The board members started by noting that despite being on a downward trajectory, headline inflation declined less than expected as the strong disinflationary base effects have been offset to some extent by the rising fuel and vegetable prices. The NBR maintains its year-end inflation forecast at 3.5% for 2018 and revised upward its 2019 forecast from 2.7% to 2.9%.

Regarding the economic activity, the NBR sees “a larger-than-anticipated re-widening of the positive output gap” in the second quarter and a shift in the composition of economic growth drivers as inventories took the lead ahead of household consumption which is “probably relevant from the perspective of inflationary pressures”. For the third quarter, however “a significant deceleration in economic expansion” is expected followed by a mild recovery in the fourth quarter. This should make an already above expectations output gap rise further in the second half.

On the monetary policy front, the minutes noted a “considerable interest rate differential versus the prevailing levels in the EU and across the region” as a reason for the exchange rate stability over the last period. However, the current account widening and “the decrease in its coverage by foreign direct investment and capital transfers” is cited as a concern.

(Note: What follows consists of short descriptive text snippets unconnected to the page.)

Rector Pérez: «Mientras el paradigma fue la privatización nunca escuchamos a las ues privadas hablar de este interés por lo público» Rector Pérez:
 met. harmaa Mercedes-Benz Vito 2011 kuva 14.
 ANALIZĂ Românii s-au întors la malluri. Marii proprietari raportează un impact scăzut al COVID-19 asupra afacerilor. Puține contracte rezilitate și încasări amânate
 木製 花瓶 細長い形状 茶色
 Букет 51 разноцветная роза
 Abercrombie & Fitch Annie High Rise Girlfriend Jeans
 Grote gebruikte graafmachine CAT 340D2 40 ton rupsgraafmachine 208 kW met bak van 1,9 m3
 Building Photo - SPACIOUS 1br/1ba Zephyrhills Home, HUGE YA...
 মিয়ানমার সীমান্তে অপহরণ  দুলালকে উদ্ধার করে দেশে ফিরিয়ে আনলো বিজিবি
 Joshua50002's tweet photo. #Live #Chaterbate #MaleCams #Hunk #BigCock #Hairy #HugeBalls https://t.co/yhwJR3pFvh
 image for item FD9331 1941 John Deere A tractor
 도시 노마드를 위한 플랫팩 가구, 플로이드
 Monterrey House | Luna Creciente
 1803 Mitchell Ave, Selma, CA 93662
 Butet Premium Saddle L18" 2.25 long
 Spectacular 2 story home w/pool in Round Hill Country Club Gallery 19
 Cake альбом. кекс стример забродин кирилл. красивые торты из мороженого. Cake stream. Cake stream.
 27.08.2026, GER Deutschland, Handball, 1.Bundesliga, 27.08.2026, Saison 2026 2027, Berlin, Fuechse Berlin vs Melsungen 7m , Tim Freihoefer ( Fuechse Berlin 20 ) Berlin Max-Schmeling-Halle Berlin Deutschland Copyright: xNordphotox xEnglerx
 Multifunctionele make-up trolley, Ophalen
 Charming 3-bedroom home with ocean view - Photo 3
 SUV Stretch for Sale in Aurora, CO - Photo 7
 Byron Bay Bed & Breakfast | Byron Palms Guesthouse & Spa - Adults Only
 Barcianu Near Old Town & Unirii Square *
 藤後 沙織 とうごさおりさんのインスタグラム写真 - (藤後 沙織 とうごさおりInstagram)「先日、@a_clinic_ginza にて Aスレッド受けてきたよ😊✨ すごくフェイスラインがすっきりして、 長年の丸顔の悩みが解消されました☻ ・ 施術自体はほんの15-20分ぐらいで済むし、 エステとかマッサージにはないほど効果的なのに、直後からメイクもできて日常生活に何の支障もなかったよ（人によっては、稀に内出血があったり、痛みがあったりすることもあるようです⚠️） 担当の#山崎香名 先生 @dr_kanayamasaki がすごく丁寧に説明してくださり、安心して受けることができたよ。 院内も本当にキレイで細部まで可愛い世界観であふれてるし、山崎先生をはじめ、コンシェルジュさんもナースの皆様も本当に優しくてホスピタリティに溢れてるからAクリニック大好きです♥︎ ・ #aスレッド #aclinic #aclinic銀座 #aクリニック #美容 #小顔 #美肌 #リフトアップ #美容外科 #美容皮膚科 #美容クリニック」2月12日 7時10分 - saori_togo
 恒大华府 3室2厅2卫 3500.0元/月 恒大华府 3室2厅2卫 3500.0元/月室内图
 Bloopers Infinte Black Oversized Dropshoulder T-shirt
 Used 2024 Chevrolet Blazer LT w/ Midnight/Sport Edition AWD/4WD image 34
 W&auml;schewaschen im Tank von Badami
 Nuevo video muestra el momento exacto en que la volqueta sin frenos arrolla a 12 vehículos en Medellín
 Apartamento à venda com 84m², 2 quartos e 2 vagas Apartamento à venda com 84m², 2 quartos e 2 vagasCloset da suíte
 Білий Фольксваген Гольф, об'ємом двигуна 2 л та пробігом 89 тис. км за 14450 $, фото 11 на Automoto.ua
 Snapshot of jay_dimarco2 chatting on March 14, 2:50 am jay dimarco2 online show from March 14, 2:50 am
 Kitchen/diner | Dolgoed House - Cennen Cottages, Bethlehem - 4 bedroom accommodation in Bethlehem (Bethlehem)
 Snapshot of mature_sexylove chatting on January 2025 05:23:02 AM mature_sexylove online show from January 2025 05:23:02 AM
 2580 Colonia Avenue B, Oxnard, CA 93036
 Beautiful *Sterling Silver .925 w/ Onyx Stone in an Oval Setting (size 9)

Base effects aside, the NBR expects that “the major contribution” to annual inflation decline to come from supply-side factors. Board members remarked, “the heightened uncertainties” of these price developments, namely oil, administered prices, tobacco and some agri-food commodities which could have been influenced by the African swine fever outbreak.

On the fiscal policy, the central bank’s projections assume “an abatement of the expansionary nature of fiscal policy in 2018” which is expected to remain unchanged in 2019 and only turn “quasi-neutral” in 2020. The fiscal and income policy stance is seen as a source of risks “in the near future at least” together with labour market tightness. The risks are “seen stemming especially from the budget execution features in the first three quarters of 2018”. Other key assumptions under the current forecast refer to a “less accommodative monetary conditions over the projection horizon”, improved EU funds absorption, robust growth in the euro area and globally.

More concerns were raised regarding the negative contribution of the gross fixed capital formation to this year’s GDP, a large contraction in construction works, low EU funds absorption and budget spending composition, falling foreign direct investments and “worsening contribution from net exports to this year’s economic growth”.

Finally, the minutes underline, once more, “the importance of the dosage and pace of adjustment of the monetary policy stance”.

All in all, the dovish and optimistic twist delivered by governor Mugur Isarescu in his latest speech appears tempered by the less optimistic minutes. With the inflation outlook expected to remain in the upper half of the band until the end of the forecast horizon, the risk balance has clearly tilted to the upside and with the need for “anchoring inflation expectations”, we doubt that this is the end of the tightening cycle driven by idiosyncratic factors, though the NBR is likely to delay it for as long as the FX is manageable.